All of lore.kernel.org
 help / color / mirror / Atom feed
From: Markus Armbruster <armbru@redhat.com>
To: "Zhijian Li (Fujitsu)" <lizhijian@fujitsu.com>
Cc: "qemu-devel@nongnu.org" <qemu-devel@nongnu.org>,
	 "quintela@redhat.com" <quintela@redhat.com>,
	 "peterx@redhat.com" <peterx@redhat.com>,
	"leobras@redhat.com" <leobras@redhat.com>
Subject: Re: [PATCH 39/52] migration/rdma: Convert qemu_rdma_write_one() to Error
Date: Thu, 28 Sep 2023 08:49:02 +0200	[thread overview]
Message-ID: <87ttre3i8x.fsf@pond.sub.org> (raw)
In-Reply-To: <87zg17dejj.fsf@pond.sub.org> (Markus Armbruster's message of "Wed, 27 Sep 2023 13:46:40 +0200")

Let me try to map solutions.

Markus Armbruster <armbru@redhat.com> writes:

> migration/rdma.c uses errno directly or via perror() after the following
> functions:
>
> * poll()
>
>   POSIX specifies errno is set on error.  Good.

Nothing wrong, nothing to do.

> * rdma_get_cm_event(), rdma_connect(), rdma_get_cm_event()
>
>   Manual page promises "if an error occurs, errno will be set".  Good.

Nothing wrong, nothing to do.

> * ibv_open_device()
>
>   Manual page does not mention errno.  Using it seems ill-advised.
>
>   qemu_rdma_broken_ipv6_kernel() recovers from EPERM by trying the next
>   device.  Wrong if ibv_open_device() doesn't actually set errno.
>
>   What is to be done here?

1. Investigate whether ibv_open_device() sets errno.  I can't spare time
   for that.

2. Add a comment pointing out the problem, in the hope somebody
   investigates later.

3. Do nothing.

> * ibv_reg_mr()
>
>   Manual page does not mention errno.  Using it seems ill-advised.
>
>   qemu_rdma_reg_whole_ram_blocks() and qemu_rdma_register_and_get_keys()
>   recover from errno = ENOTSUP by retrying with modified @access
>   argument.  Wrong if ibv_reg_mr() doesn't actually set errno.
>
>   What is to be done here?

Likewise.

> * ibv_get_cq_event()
>
>   Manual page does not mention errno.  Using it seems ill-advised.
>
>   qemu_rdma_block_for_wrid() calls perror().  Removed in PATCH 48.  Good
>   enough.

1. Add a comment pointing out the problem, remove it in PATCH 48.
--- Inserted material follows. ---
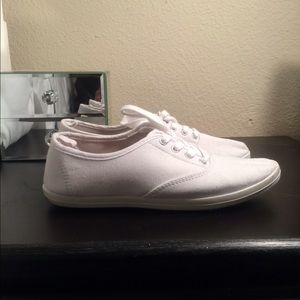 White Ked (like) shoes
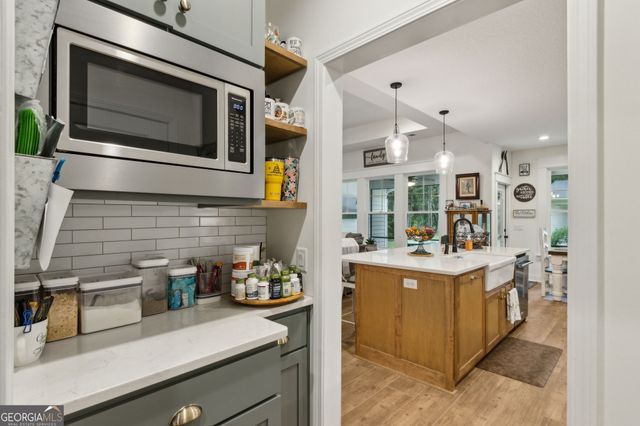 406 Misty Harbor Boulevard, Woodbine, GA 31569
2. Nothing wrong after the series, nothing to do.

> * ibv_post_send()
>
>   Manual page has the function return "the value of errno on failure".
>   Sounds like it sets errno to the value it returns.  However, the
>   rdma-core repository defines it as
>
>     static inline int ibv_post_send(struct ibv_qp *qp, struct ibv_send_wr *wr,
>                                     struct ibv_send_wr **bad_wr)
>     {
>             return qp->context->ops.post_send(qp, wr, bad_wr);
>     }
>
>   and at least one of the methods fails without setting errno:
>
>     static int mana_post_send(struct ibv_qp *ibqp, struct ibv_send_wr *wr,
>                               struct ibv_send_wr **bad)
>     {
>             /* This version of driver supports RAW QP only.
>              * Posting WR is done directly in the application.
>              */
>             return EOPNOTSUPP;
>     }
>
>   qemu_rdma_write_one() calls perror().  PATCH 39 (this one) replaces it
>   by error_setg(), not error_setg_errno().  Seems prudent, but should be
>   called out in the commit message.

1. Add a comment pointing out the problem, remove it in PATCH 39.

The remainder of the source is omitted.